Both pieces have been produced in collaboration with Acute Art. One of the first ever VR galleries, Acute Art was founded last year by the Swedish art collector Gerard De Geer and his son Jacob, together with Dado Valentic, a colour scientist who has undertaken projects for Warner Bros film studio. From its base in London, the gallery is working with big-ticket artists such as Jeff Koons, Olafur Eliasson and Antony Gormley, as well as up-and-coming “VR natives” such as Isaac Cohen and Jakob Kudsk Steensen.
The art market is only now beginning to adjust to VR, partly because the medium does not readily lend itself to the standard gallery model. Some artists choose to create limited-edition works; Yu Hong’s She’s Already Gone (2017) is available at the fair in an edition of eight, priced at $100,000 each. Others prefer to make their work available on a range of platforms, for a much smaller fee.
The Acute Art app is free to download, but to access premium content it operates a membership scheme, which costs $29.99 annually. Viewers must also foot the bill for the necessary hardware. De Geer declines to state how many members the service currently has, but says the numbers are growing monthly. Will the gallery go on to sell limited editions? “So far, we haven’t focused on sales,” he says.
The biggest challenge at present, De Geer says, is how to display VR works. “As we tend to exhibit in locations that are quite new to displaying this sort of art, it is often a learning process.”
The VR headset manufacturer and content producer HTC Vive, which is Art Basel’s “first official VR partner”, is showing the works by Abramović and Kapoor at a booth at the fair. The Taiwan-based firm also provides hardware and technical support to two galleries displaying VR: Long March Space and Société.
It is the first time that HTC has worked with an art fair, although the company has been partnering with cultural institutions for over three years. It started out working with the National Palace Museum in Taipei and has since collaborated with others, including Tate Modern in London (on its Modigliani show, until 2 April) and the Royal Academy of Arts.
Victoria Chang, the director of VIVE Arts & Culture in London, who is moderating a talk at the fair on 31 March on VR and artificial intelligence, believes that technological developments under way will have a profound effect on the art world.
“VR experiences are getting more and more social,” Chang says. “You can now have multiple users in the same room who can interact with each other physically and virtually, as well as people in different parts of the world in the same virtual space.
“So far, VR experiences in the cultural sphere have been one-person experiences, but I expect that to change very soon.

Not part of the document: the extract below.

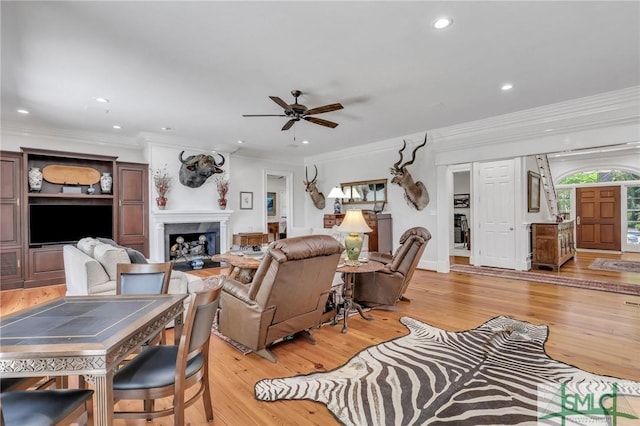 living room featuring ceiling fan, a fireplace, light wood-style floors, ornamental molding, and recessed lighting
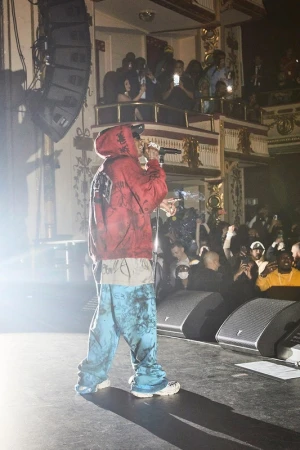 A male music artist on stage performs with a microphone while wearing a red hoodie and patterned pants in front of an audience.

It will be a complete game-changer.”
• Art Basel Conservation, The Singularity: Virtual Reality and Artificial, Saturday 31 March, 1pm
Other VR Works at the fair
She’s Already Gone (2017) by the Chinese artist Yu Hong follows the life of a female character from birth to old age. The work was created in collaboration with Khora Contemporary, a VR production company established in Copenhagen in 2016. The piece is available through the Beijing gallery Long March Space (edition of eight, priced at $100,000 each). “The work received much public attention when it was shown at the Faurschou Foundation in Beijing,” says Masha Faurschou, a partner at Khora Contemporary, noting that the first edition has already sold to a major Chinese collector.
The Berlin gallery Société is presenting a VR work by the German artist Timur Si-Qin which follows on from his 2016 project to create a spiritual institution and prayer space called New Peace. In the virtual experience, viewers are encouraged to enter his branded “Mirrorscape” world, a mystical state of being that offers fairgoers the chance to see existence “as it is”. The work is priced at $60,000 to $85,000.